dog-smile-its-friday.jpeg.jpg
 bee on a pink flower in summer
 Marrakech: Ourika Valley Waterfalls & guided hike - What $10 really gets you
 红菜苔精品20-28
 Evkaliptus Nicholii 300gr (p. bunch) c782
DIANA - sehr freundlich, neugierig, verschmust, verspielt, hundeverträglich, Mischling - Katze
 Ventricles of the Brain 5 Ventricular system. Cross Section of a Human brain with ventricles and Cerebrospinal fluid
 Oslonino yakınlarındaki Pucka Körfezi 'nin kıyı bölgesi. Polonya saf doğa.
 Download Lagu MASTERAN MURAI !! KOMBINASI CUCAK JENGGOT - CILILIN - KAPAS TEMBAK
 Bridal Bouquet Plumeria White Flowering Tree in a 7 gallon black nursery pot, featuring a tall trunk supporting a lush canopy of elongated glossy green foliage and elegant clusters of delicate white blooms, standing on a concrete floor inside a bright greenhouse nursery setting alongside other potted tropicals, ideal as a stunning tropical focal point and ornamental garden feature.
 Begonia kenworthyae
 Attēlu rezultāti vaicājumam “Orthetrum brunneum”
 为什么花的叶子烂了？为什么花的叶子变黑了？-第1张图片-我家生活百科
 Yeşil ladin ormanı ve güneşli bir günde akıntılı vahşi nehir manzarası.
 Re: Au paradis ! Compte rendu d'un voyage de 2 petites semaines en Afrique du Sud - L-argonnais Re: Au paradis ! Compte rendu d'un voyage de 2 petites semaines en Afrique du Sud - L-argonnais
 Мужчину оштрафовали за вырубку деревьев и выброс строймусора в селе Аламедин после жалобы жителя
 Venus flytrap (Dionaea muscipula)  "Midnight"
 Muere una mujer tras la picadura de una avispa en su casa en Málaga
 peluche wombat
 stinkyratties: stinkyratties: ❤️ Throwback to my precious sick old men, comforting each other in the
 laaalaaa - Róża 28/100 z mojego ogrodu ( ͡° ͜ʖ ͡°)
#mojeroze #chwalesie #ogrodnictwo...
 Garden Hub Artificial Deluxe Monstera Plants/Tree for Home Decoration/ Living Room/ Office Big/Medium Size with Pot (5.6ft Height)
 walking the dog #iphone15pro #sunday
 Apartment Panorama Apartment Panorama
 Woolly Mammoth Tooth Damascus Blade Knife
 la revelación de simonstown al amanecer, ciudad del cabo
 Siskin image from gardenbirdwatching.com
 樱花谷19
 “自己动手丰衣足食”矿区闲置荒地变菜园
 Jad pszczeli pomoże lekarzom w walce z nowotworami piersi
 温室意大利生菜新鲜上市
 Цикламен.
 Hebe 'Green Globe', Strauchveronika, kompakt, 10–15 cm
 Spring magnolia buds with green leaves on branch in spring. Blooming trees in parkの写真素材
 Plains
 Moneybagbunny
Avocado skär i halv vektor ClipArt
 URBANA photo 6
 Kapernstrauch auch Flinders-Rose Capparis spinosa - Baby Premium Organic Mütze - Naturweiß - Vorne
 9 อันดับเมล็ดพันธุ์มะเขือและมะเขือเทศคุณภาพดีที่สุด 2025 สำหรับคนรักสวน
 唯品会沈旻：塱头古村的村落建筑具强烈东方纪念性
○ ○ ○
▶ [Exercise aim] Reproduce the lines above, beginning at the line with "Attēlu rezultāti vaicājumam" and stopping after the line with "Hebe 'Green Globe', Strauchveronika, kompakt, 10–15", exactly as they are.

▶ [Response for this exercise]
 Attēlu rezultāti vaicājumam “Orthetrum brunneum”
 为什么花的叶子烂了？为什么花的叶子变黑了？-第1张图片-我家生活百科
 Yeşil ladin ormanı ve güneşli bir günde akıntılı vahşi nehir manzarası.
 Re: Au paradis ! Compte rendu d'un voyage de 2 petites semaines en Afrique du Sud - L-argonnais Re: Au paradis ! Compte rendu d'un voyage de 2 petites semaines en Afrique du Sud - L-argonnais
 Мужчину оштрафовали за вырубку деревьев и выброс строймусора в селе Аламедин после жалобы жителя
 Venus flytrap (Dionaea muscipula)  "Midnight"
 Muere una mujer tras la picadura de una avispa en su casa en Málaga
 peluche wombat
 stinkyratties: stinkyratties: ❤️ Throwback to my precious sick old men, comforting each other in the
 laaalaaa - Róża 28/100 z mojego ogrodu ( ͡° ͜ʖ ͡°)
#mojeroze #chwalesie #ogrodnictwo...
 Garden Hub Artificial Deluxe Monstera Plants/Tree for Home Decoration/ Living Room/ Office Big/Medium Size with Pot (5.6ft Height)
 walking the dog #iphone15pro #sunday
 Apartment Panorama Apartment Panorama
 Woolly Mammoth Tooth Damascus Blade Knife
 la revelación de simonstown al amanecer, ciudad del cabo
 Siskin image from gardenbirdwatching.com
 樱花谷19
 “自己动手丰衣足食”矿区闲置荒地变菜园
 Jad pszczeli pomoże lekarzom w walce z nowotworami piersi
 温室意大利生菜新鲜上市
 Цикламен.
 Hebe 'Green Globe', Strauchveronika, kompakt, 10–15 cm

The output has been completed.